Abriata Luciano A
Brief Bioinform. 2017 Jul 1;18(4):659-669. doi: 10.1093/bib/bbw049.
This Briefing reviews the widely used, currently active, up-to-date databases derived from the worldwide Protein Data Bank (PDB) to facilitate browsing, finding and exploring its entries. These databases contain visualization and analysis tools tailored to specific kinds of molecules and interactions, often including also complex metrics precomputed by experts or external programs, and connections to sequence and functional annotation databases.

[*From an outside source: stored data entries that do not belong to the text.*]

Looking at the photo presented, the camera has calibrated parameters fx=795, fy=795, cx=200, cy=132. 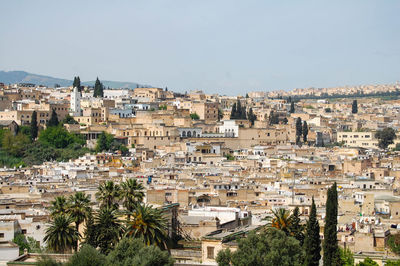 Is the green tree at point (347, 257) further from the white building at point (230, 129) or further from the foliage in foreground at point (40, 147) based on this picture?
the white building at point (230, 129)

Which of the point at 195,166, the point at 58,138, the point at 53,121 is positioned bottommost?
the point at 195,166

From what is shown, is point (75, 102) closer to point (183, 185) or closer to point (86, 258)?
point (183, 185)

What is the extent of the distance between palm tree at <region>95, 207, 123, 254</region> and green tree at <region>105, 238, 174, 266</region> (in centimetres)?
263

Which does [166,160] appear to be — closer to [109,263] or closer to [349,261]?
[349,261]

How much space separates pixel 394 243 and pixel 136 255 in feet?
39.0

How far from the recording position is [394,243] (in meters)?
29.3

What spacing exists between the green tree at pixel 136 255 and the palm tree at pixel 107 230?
8.64ft

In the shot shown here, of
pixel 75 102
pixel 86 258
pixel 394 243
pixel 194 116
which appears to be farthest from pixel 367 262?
pixel 194 116

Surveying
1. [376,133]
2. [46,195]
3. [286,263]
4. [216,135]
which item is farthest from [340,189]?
[376,133]

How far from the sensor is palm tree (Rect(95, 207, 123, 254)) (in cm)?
2481

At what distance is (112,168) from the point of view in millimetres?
53406

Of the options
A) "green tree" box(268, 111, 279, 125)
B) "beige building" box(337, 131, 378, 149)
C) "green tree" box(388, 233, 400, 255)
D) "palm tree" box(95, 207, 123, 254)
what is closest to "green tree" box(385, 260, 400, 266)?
"green tree" box(388, 233, 400, 255)

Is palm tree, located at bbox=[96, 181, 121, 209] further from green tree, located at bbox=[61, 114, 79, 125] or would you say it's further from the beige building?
the beige building

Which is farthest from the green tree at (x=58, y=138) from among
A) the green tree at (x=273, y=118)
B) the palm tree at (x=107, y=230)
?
the palm tree at (x=107, y=230) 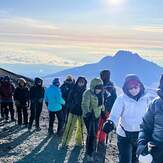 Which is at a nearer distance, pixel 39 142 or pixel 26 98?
pixel 39 142

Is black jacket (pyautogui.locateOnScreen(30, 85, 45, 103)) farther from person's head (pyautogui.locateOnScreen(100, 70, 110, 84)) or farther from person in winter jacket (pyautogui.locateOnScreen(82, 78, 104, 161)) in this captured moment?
person in winter jacket (pyautogui.locateOnScreen(82, 78, 104, 161))

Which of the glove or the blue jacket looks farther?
the blue jacket

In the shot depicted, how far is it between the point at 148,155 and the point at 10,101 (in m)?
16.3

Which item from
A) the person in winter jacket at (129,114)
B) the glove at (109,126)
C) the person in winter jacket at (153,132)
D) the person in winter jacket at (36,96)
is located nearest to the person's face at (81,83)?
the person in winter jacket at (36,96)

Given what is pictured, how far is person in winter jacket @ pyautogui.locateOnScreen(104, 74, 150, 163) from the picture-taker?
33.8 ft

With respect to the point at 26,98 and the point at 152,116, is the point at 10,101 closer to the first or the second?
the point at 26,98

Importantly, updates of most of these databases involves steps of curation and error checks based on specific expertise about the subject molecules or interactions, and removal of sequence redundancy, both leading to better data sets for mining studies compared with the full list of raw PDB entries. The article presents the databases in groups such as those aimed to facilitate browsing through PDB entries, their molecules and their general information, those built to link protein structure with sequence and dynamics, those specific for transmembrane proteins, nucleic acids, interactions of biomacromolecules with each other and with small molecules or metal ions, and those concerning specific structural features or specific protein families. A few webservers directly connected to active databases, and a few databases that have been discontinued but would be important to have back, are also briefly commented on. Along the Briefing, sample cases where these databases have been used to aid structural studies or advance our knowledge about biological macromolecules are referenced. A few specific examples are also given where using these databases is easier and more informative than using raw PDB data.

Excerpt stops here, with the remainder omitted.